Several members of Devon and Cornwall Wild Swimming were asked to do an interview for this interesting website. The idea is to promote health and fitness for over-fifties through extreme sports and adventurous activities. This is a link to our interview. There are some inspirational people and stories unrelated to wild swimming on the site too.

http://www.silvergreysportsclub.com/index.php/silver-greys/wild-swimming.html

Bouncing in Bugle Hole

We’re not sure exactly where this natural tidal pool is, but as we descend the cliff path Bugle Hole reveals itself below us. We scramble down and change on rocks like fossilised Cadbury’s Flakes. I squat on the edge of the pool and the sea surges up to meet me so that I’m simply incorporated from damp autumnal air into water.

The sea beyond us is churning and spraying in the gale, but we’re mostly protected by a rock wall that resembles the top of a portcullis. From time to time a big wave foams through a gap like saliva from the mouth of a crocodile contemplating a juicy swimmer. I float over to explore the top of a narrow cave which is also a blow hole in the right conditions, and am sucked backwards into the entrance, before being spat back out.

On the other side is a narrow gully connected to the sea, through which the swell is forced. It’s a topsy-turvy world where the landscape is hidden and revealed randomly, and where from bouncing in deep water you suddenly find yourself stranded atop a rock with the water surface three feet below. Honey is bemused.

I swim from the shelter of the Hole as the sun breaks through and emerge into a glittering, tottering sea.

YouTube video here (apologies for the dodgy quality in the middle, I was shooting into the sun)

http://www.youtube.com/watch?v=NLxaQCUPa48&feature=player_detailpage

Wizardry at Burgh Island

I’ve never swum Burgh Island in an easterly gale before, but I see from the cliffs that it’s doable. It’s the day after the OSS Dart 10k so we have about thirty swimmers from around the country excited at the prospect of an iconic Devon wild swim. We walk down past the sea tractor and into warm, pale turquoise sea.

The water’s miraculously clear and I can see the cheese grater rock that scrapes a piece from my thigh. I’m exhilarated by the wild energy of the storm and the towering cliffs and wonder whether we’ll get into Death Valley.  The entrance looks spookily calm; I watch for a bit before deciding it’s safe to enter.

My companion and I swim in, and are quickly joined by several others who’d been hovering to see whether we would survive. We swim through the outer reef towards the shelter of the cliffs.

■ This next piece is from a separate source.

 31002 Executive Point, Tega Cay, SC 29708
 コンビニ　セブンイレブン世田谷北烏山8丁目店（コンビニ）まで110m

Suddenly I’m in a cauldron of pointed wavelets about a foot high, spiralling like upside down tornados. Spray flies from their tops. There’s an invisible wizard somewhere, casting spells over the sea.

Every few yards the surface of the water transmogrifies: here are sharp waves that echo the shapes of the jagged rocks above; there tiny ruffles shiver across rounded swells; a splatter of rain pocks wavelets; white horses rear with manes of spindrift. It’s still somehow clear below the surface, and we dive down through waving weeds.

We play our way through the rocks to  where the sand bar is gradually revealed by the receding tide. The gale hits us full-force, flinging abrasive water as it rips through. There’s no big swell, just a wallop of wavelets that makes swimming hard. I’m battered from side to side to front to back and keep my head down. As we leave the water I freeze instantly; not from wizardry, but from the chill of the east wind.

Bats at Spitchwick

Early evening on a misty, drizzly autumnal day. No glorious sunset;  just a patch of glowing white between pewter clouds that look heavy enough to sink with the sun. We creep in to water that manages to be both clear and the colour of an oil slick.  The bottom is softly carpeted with fallen vegetation. Midges nip at our faces.

The river is very chilly indeed; ice-cream neck hits and I swim as hard as I can upstream to heat up. Finally I’m suffused with a warm glow which starts in my bones and seeps through to my skin. Bats flitter past, flashes of dark above black water. The last notes of birdsong fade into the night.

Jackie swims with a decorated umbrella, while Matt and Queenie wear Union Jacks on their heads. Batty people from Torbay.